The Price of Paralysis: Strangulation and Lost Legitimacy
This failure is not a cost-free ideological luxury. It has immediate, catastrophic consequences for the Afghan population. In response to the Taliban’s paralysis, Pakistan has shifted from diplomacy to blunt economic pressure. This is most evident in the frequent, prolonged closures of the Torkham and Spin Boldak border crossings.
These are not minor inconveniences. They are Afghanistan’s primary economic arteries. As a landlocked, import-dependent, and aid-reliant nation, Afghanistan’s entire economy flows through these chokepoints. When Pakistan seals them, the results are immediate. Thousands of trucks are stranded, fresh produce rots, medicine and food staples cannot get in, and Afghan exports cannot get out. State revenue, which the Taliban desperately needs, collapses.
This, in turn, guts the Taliban’s final claim to domestic legitimacy. The movement’s core promise to the Afghan people, which earned them a degree of weary acceptance, was security. After decades of war, they promised an end to conflict. Yet their policies have proven they can provide neither:
- Physical Security: The border regions, far from being stable, are now an active conflict zone, with Pakistani airstrikes and cross-border shelling a new reality.
- Economic Security: Their ideological intransigence has directly triggered an economic blockade, leading to starvation and commercial collapse.
This breaks the Taliban’s nascent social contract. They have demonstrated their inability to perform the most basic function of a state: providing for the security and well-being of its population.
Trapped in the Past
The Taliban’s conflict with Pakistan is, in the end, definitive proof of their failure to transition from insurgency to state. It is the external manifestation of their internal ideological rigidity and deep-seated factional divides.

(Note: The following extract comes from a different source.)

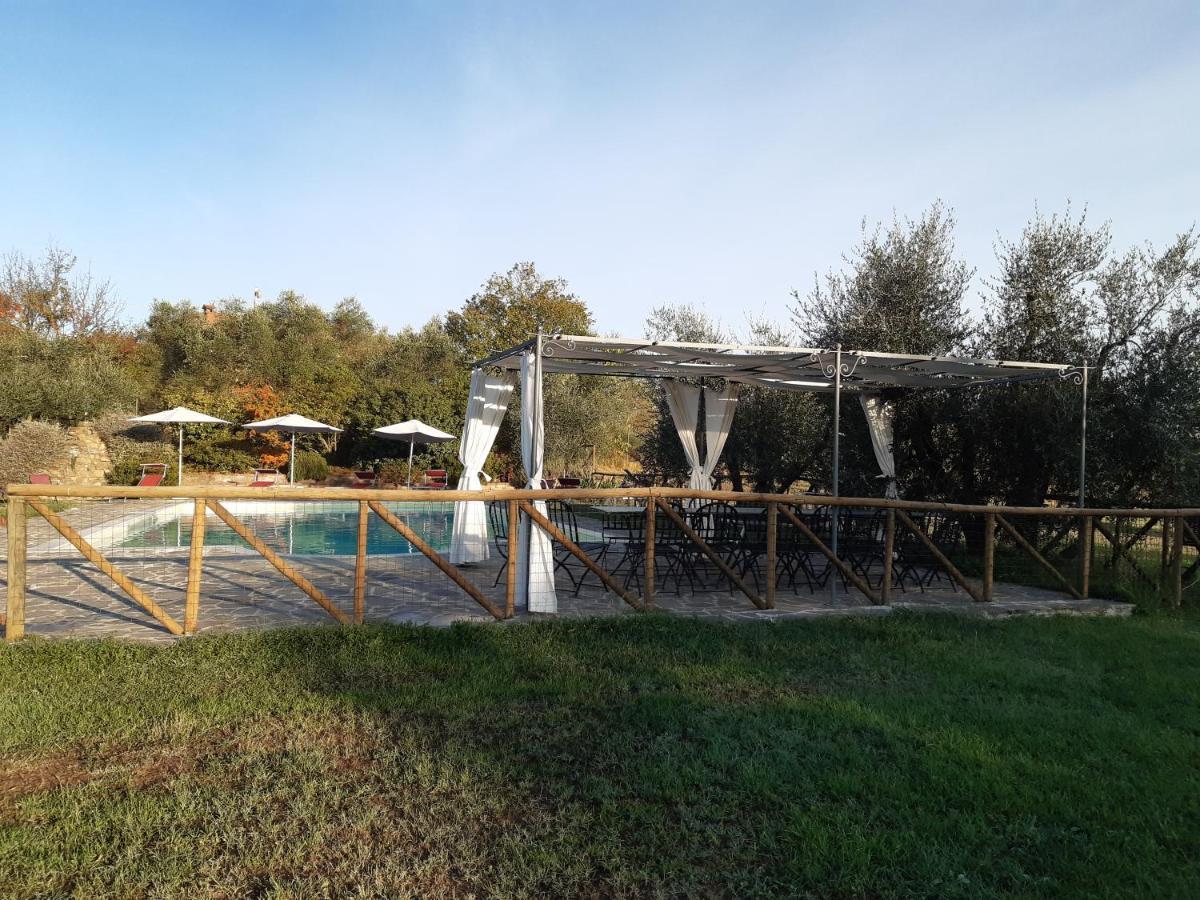 Camere Con Vista In Valdichiana Marciano della Chiana Εξωτερικό φωτογραφία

A state, in the simplest terms, is an entity that must make pragmatic compromises to ensure its own survival and the well-being of its citizens. An insurgency, by contrast, is a movement defined by its uncompromising loyalty to an ideology and its internal power blocs.
By consistently choosing factional security and ideology over pragmatic statecraft, the Taliban have demonstrated that they are still an insurgency. They have not built a state; they are merely occupying one. This choice traps Afghanistan in a devastating cycle of isolation, poverty, and conflict. It dooms the nation to the status of a global pariah, risks a wider regional conflagration, and confirms that the victors of 2021 are incapable of governing the country they fought so hard to win.